**Description of the task**
Below is a listing with pictures in it. Copy it exactly without them.

**Task input**
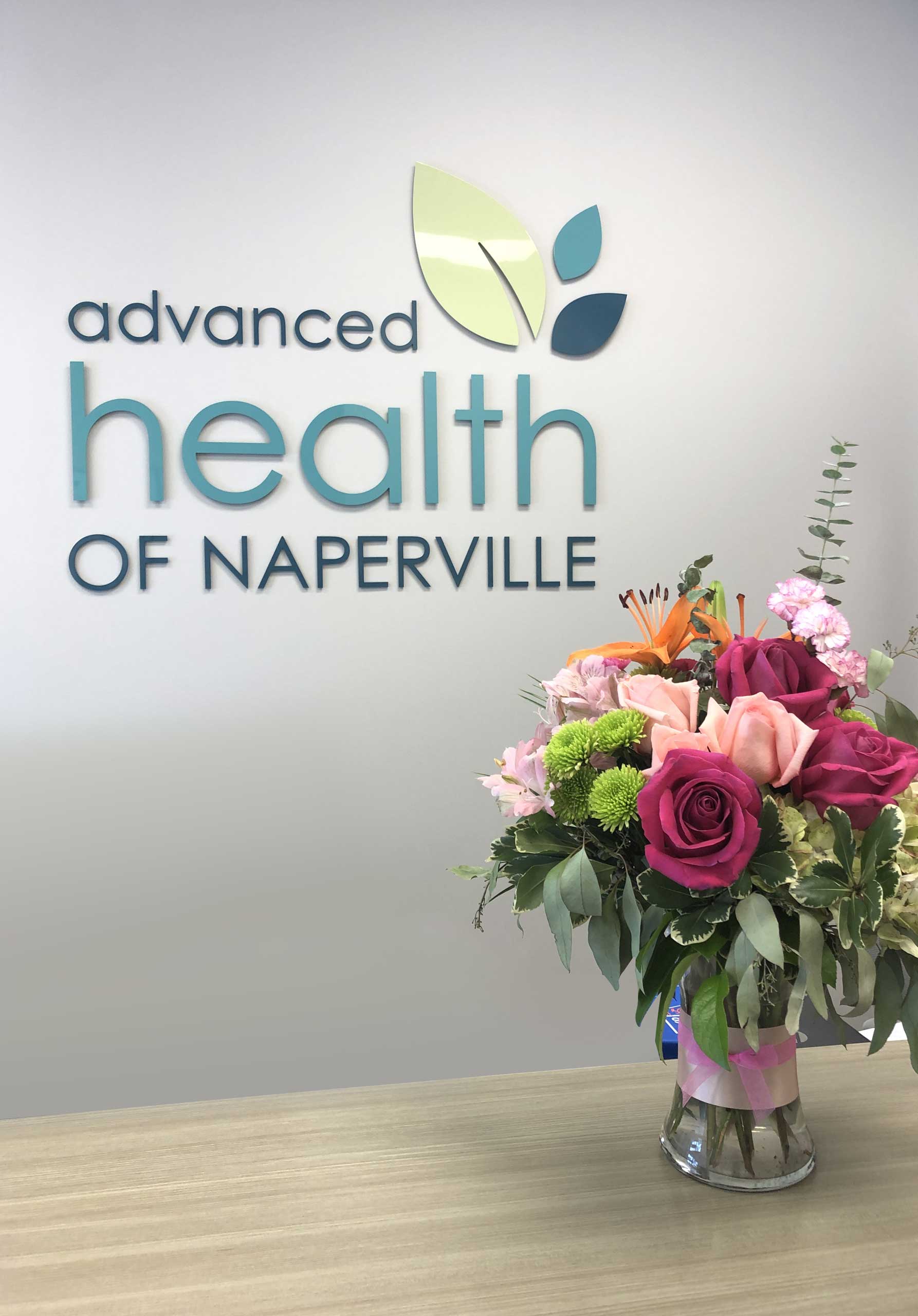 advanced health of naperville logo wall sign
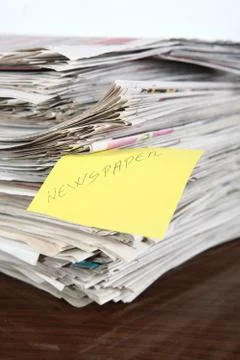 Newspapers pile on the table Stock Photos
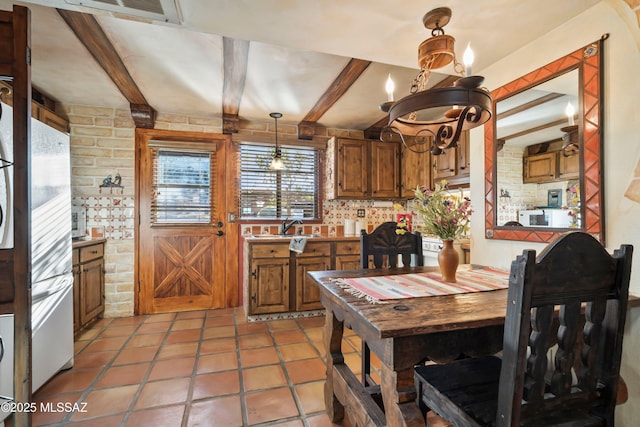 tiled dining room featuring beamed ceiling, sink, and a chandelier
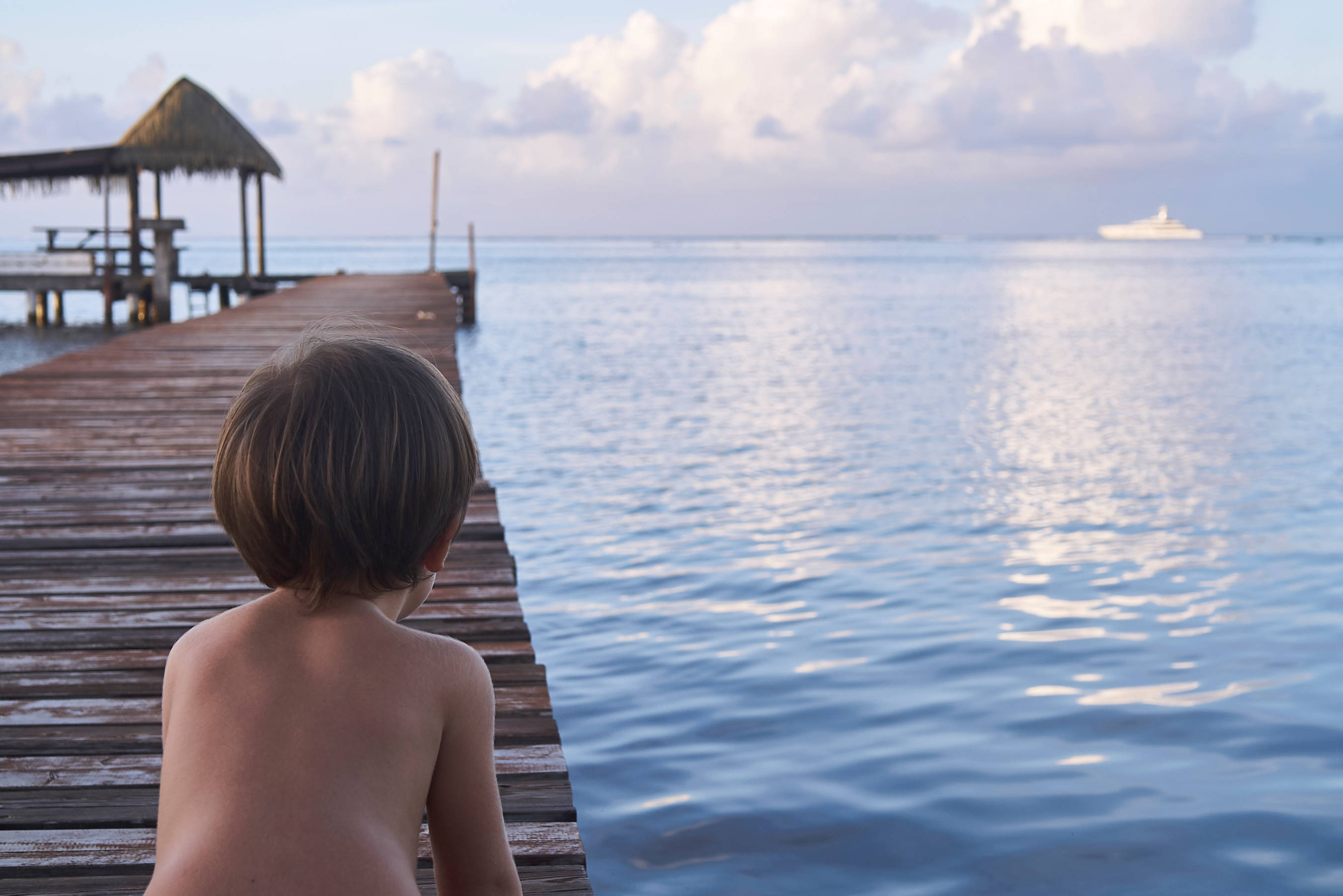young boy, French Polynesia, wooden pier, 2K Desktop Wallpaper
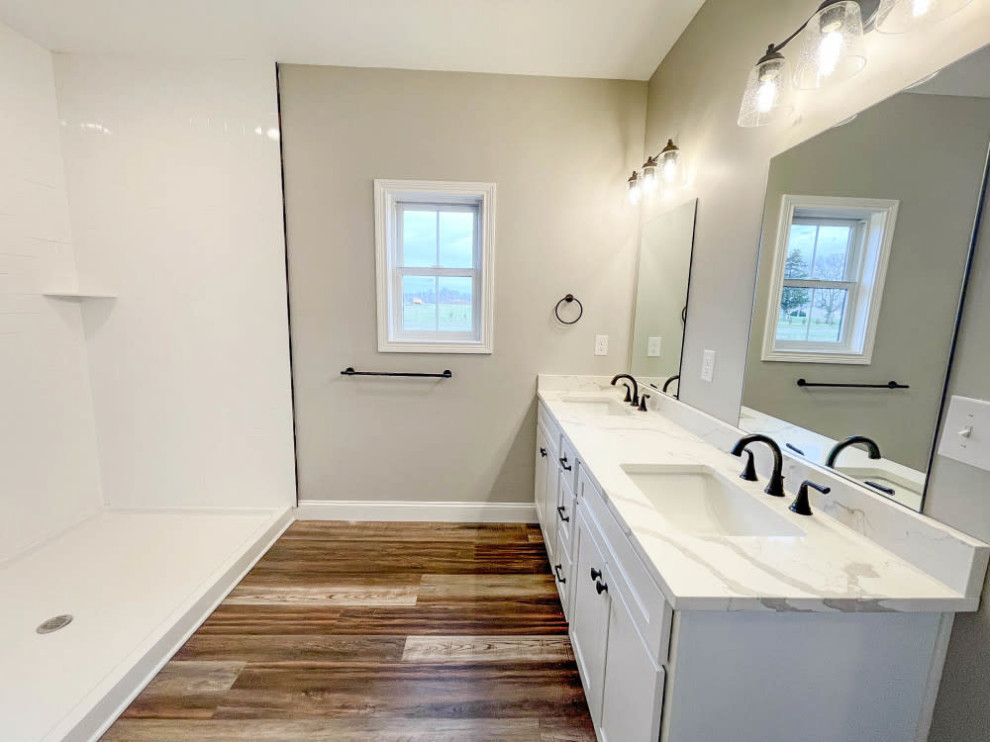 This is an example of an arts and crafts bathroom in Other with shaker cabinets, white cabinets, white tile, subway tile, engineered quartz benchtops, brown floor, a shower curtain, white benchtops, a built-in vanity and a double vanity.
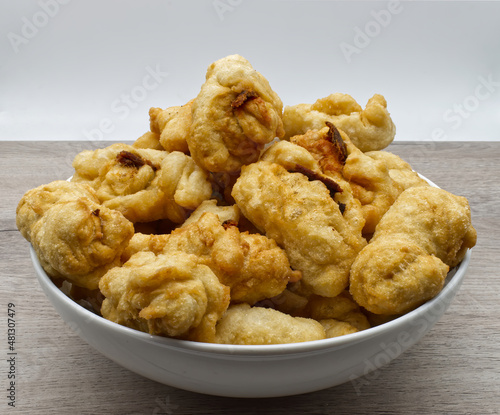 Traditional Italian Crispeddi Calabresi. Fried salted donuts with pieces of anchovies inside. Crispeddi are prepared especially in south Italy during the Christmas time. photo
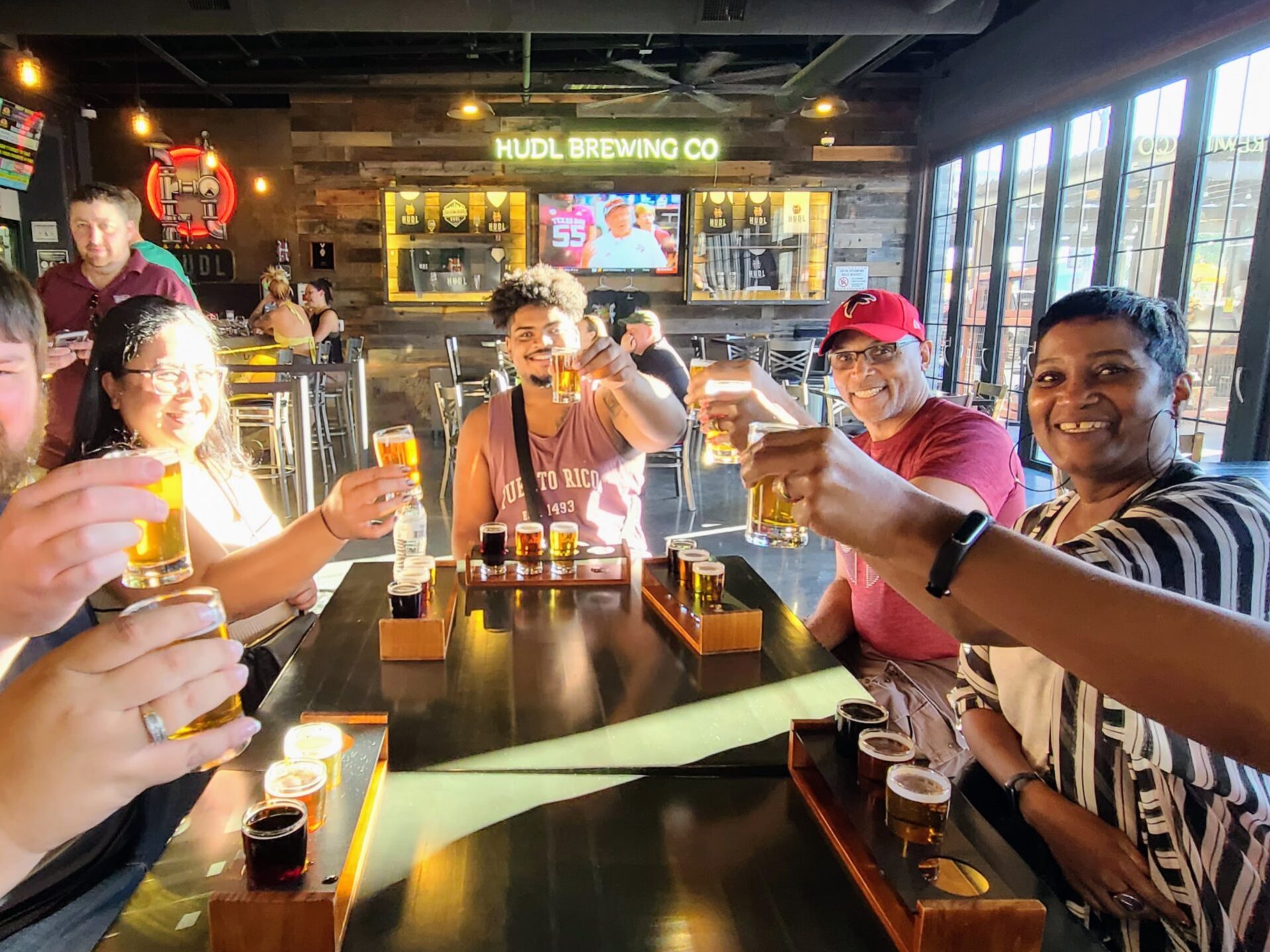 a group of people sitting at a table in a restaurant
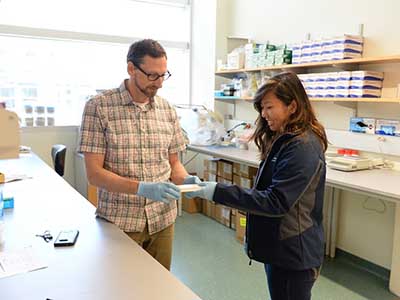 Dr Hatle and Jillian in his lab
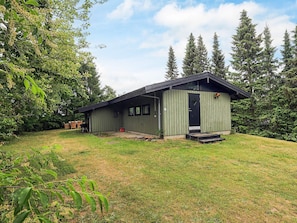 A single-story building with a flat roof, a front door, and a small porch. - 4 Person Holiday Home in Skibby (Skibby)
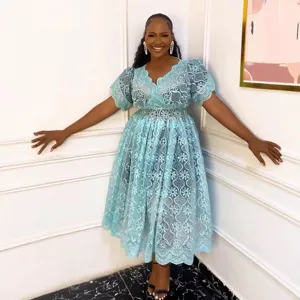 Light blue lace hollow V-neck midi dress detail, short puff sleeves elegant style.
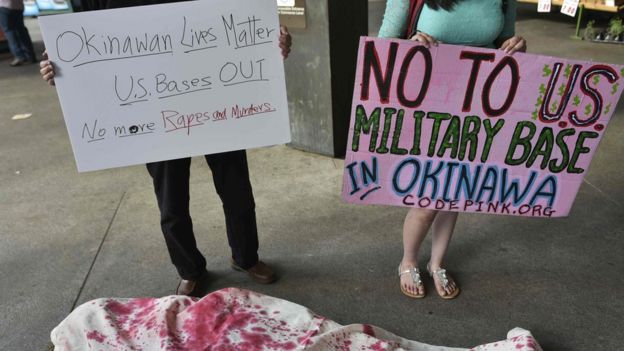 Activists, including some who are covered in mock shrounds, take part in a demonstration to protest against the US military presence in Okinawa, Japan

**Response to the task**
 advanced health of naperville logo wall sign
 Newspapers pile on the table Stock Photos
 tiled dining room featuring beamed ceiling, sink, and a chandelier
young boy, French Polynesia, wooden pier, 2K Desktop Wallpaper
 This is an example of an arts and crafts bathroom in Other with shaker cabinets, white cabinets, white tile, subway tile, engineered quartz benchtops, brown floor, a shower curtain, white benchtops, a built-in vanity and a double vanity.
 Traditional Italian Crispeddi Calabresi. Fried salted donuts with pieces of anchovies inside. Crispeddi are prepared especially in south Italy during the Christmas time. photo
 a group of people sitting at a table in a restaurant
 Dr Hatle and Jillian in his lab
 A single-story building with a flat roof, a front door, and a small porch. - 4 Person Holiday Home in Skibby (Skibby)
 Light blue lace hollow V-neck midi dress detail, short puff sleeves elegant style.
 Activists, including some who are covered in mock shrounds, take part in a demonstration to protest against the US military presence in Okinawa, Japan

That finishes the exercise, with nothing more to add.